Friday, October 29, 2010

early morning

I had stumbled, bleary-eyed off the bus the other day as I usually do and trundled up to the mall where I work, putting the little earphones of my MP3 player in my ears. I sat inside on a bench (it was cloudy and a bit miserable outside the huge wall of glass that is the entrance) and lost myself in the tales of Odysseus for a while. Homer's writing is really quite vivid. I always imagined somehow it would be dry and difficult, but I have found it interesting in too many ways to count.

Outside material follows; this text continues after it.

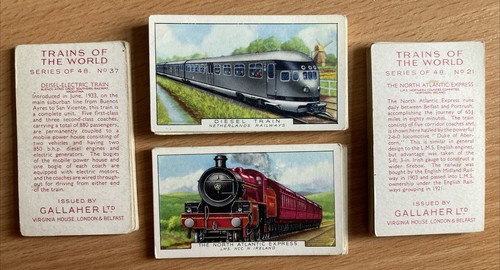 1937 gallaher trains the - of,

I learnt about epics backwards. In high school drama classes, I learned about Brecht's "epic theatre" of the twentieth century, in which the whole story is told beforehand so that suspense can be no distraction from the importance of the content of the story, the action all happens in episodes and repetitive phrases were used frequently throughout. The Odyssey - the original epic - has all these aspects. The events described in the epic are all told by characters to assemblies of other characters in the style of a kind of oral poetry. The repeated phrases in the Odyssey become as beautiful as a litany. "Dawn came, fresh and rosy-fingered" is probably my favourite. Homer - when he rather than one of his characters is telling the story - also takes great care to describe the small and personal actions of his characters. The care with which Telemachus' (Odysseus' son) nurse extinguishes the lamp in his room and does other perfectly ordinary yet perfectly wonderful actions when he goes to sleep at night is simply and lovingly described. Homer actually becomes so attached to one of his characters (a loyal and humble swineherd) that he addresses him directly throughout the story.

I glanced up from my book and because I had forgotten my cellphone at home (it was that kind of morning) I wanted to wait outside to see if anyone else was at work. I put the book back in my bag carefully, but I left the music playing in my ears. I walked out towards the parking lot through the glass doors, and when I walked out I walked out into something sublime.

A vast expanse of concrete was splashed with shining remains of the the rain, the water reflecting the blue panorama and gargantuan white-grey clouds above. The wind gushed around me, making everything fresh and it seemed like you could do anything or be anything in that space. It reminded me of all the times I walked across parking lots with dear friends, exploring worlds with our words and escaping the homes and shops and other people. Seeing that wide, exciting expanse was like a promise that although those other times may be past, new explorations await. I can experience my own odyssey, and live to tell the tales carefully and lovingly.